La FNSEA a organisé lors du Salon de l’agriculture une conférence portant sur l'accompagnement des agriculteurs en difficulté, en présence notamment du ministre de la Justice et garde des Sceaux, Éric Dupont-Moretti. Ce dernier a notamment annoncé une expérimentation de tribunaux aux affaires économiques auxquels les agriculteurs pourraient recourir.
En 2022, le dispositif Agri’écoute a reçu environ 3 000 appels, principalement des zones Bretagne, Pays de la Loire et d’Occitanie et « essentiellement de la part d’éleveurs », a indiqué le président de la Caisse centrale de la Mutualité sociale agricole (MSA), Pascal Cormery. Il est d’ailleurs établi que le risque suicidaire chez les agriculteurs est de 20 à 30 % plus élevé que dans le reste de la population. Pour éviter des issues dramatiques, les organisations professionnelles agricoles ont mis en place un réseau de sentinelles et confié à Daniel Lenoir, ancien directeur général de la MSA, la fonction de coordinateur national interministériel du plan de prévention du mal-être en agriculture.

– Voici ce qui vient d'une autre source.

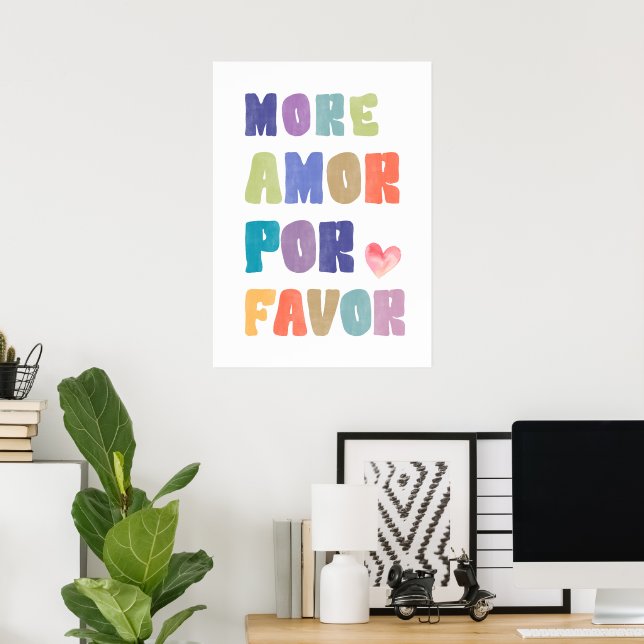 More amor por favour  poster (Home Office)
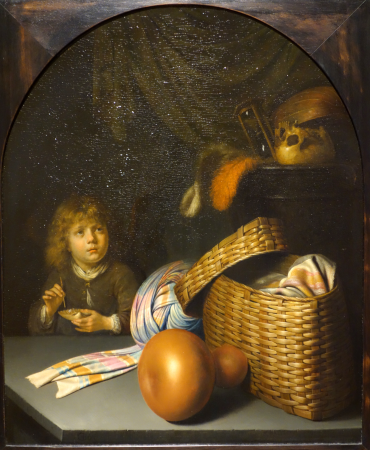 Still Life with a Boy Blowing Soap-bubbles, Gerrit Dou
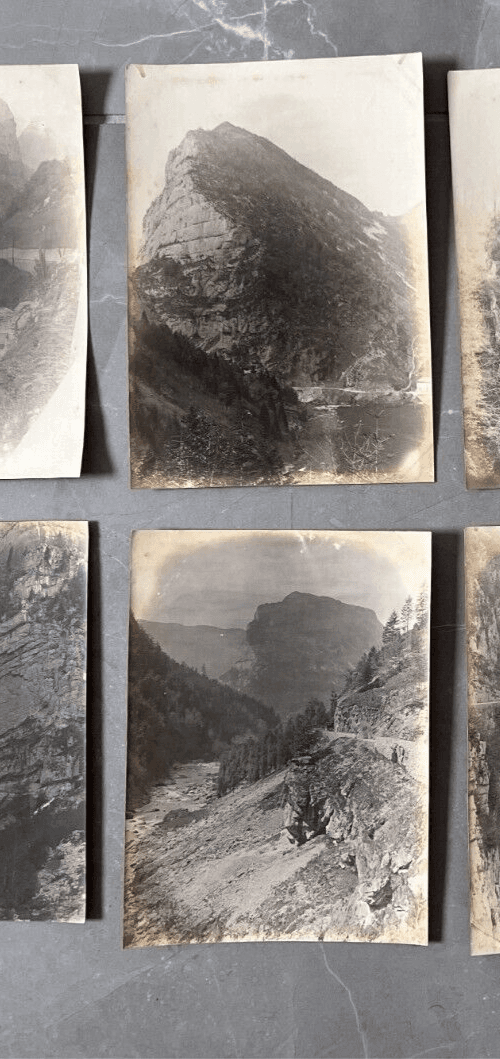 Vintage Photographs Mountain, Cave, People, Landscape image 4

Aides juridiques et économiques
Parce qu’il estime « important d’accompagner les agriculteurs en difficulté », que ce soit économique et/ou psychologique, le garde des Sceaux, Éric Dupont-Moretti a annoncé la mise en place dans une dizaine de juridictions (grandes, moyennes et petites) de tribunaux des activités économiques (TAE) « à titre expérimental ». Une expérimentation qui s’étalera sur deux ou trois ans, a précisé son directeur de cabinet Jean-Denis Combrexelle. L’objectif est que les agriculteurs puissent avoir affaire à eux en cas de difficultés car les magistrats seraient formés aux arcanes juridiques et économiques, donc aux spécificités du monde agricole. Un projet de loi est en cours de rédaction et devrait être présenté à l’été en Conseil des ministres avant un examen en fin d’année par les parlementaires. « L’objectif est que le monde agricole y trouve son compte pour être mieux entendu », a indiqué Jean-Denis Combrexelle. « Il faut aussi aller au-devant des agriculteurs et dès les premières difficultés leur indiquer la manière à suivre à travers certains dispositifs comme le mandat ad hoc ou le règlement amiable », a détaillé le ministre.
Droit d’antériorité
Ce que regrette à mots feutrés la profession, c’est la méconnaissance des instances judiciaires envers le monde agricole. L’un des aspects les plus prégnants concerne souvent les troubles du voisinage. Le président de Chambres d’agriculture France, Sébastien Windsor, se désole des recours des néoruraux malgré les actions de prévention mises en place par les chambres départementales et les élus locaux. « Des riverains se plaignent des moissons à 23 h 00. Nous n’avons souvent pas le choix et ça ne dure que trois ou quatre jours », s’est-il justifié. Le ministre de la Justice a lui-même concédé que « c’était surréaliste d’être confronté à des recours pour des meuglements de vaches la nuit », sous-entendant que les juges avaient autre chose à faire que de traiter ce genre d’affaires. « Encombrer la justice avec ça », a-t-il lâché, dépité. Il a cependant promis aux agriculteurs de leur donner un coup de main, notamment sur le droit d’antériorité. Une proposition de loi devrait être bientôt rédigée et que le ministre soutiendra. Le principe sera que « celui qui arrive doit s’adapter aux autres », ce qui consacrera le droit d’antériorité et renforcera la loi du 29 janvier 2021 qui définit et renforce le patrimoine sensoriel des campagnes. Pour l’avocat Thimothée Dufour qui défend le dossier de Vincent Verschuere (1), il faut aller plus loin et inclure l’évolution de l’exploitation dans la loi et « protéger les agriculteurs dans leur expansion économique ». Comme l’a résumé Christiane Lambert, il faut que le droit puisse « allier humanisme, bon sens et méthode ». Car on veut simplement « travailler sur notre territoire », a conclu Luc Smessaert, vice-président de la FNSEA.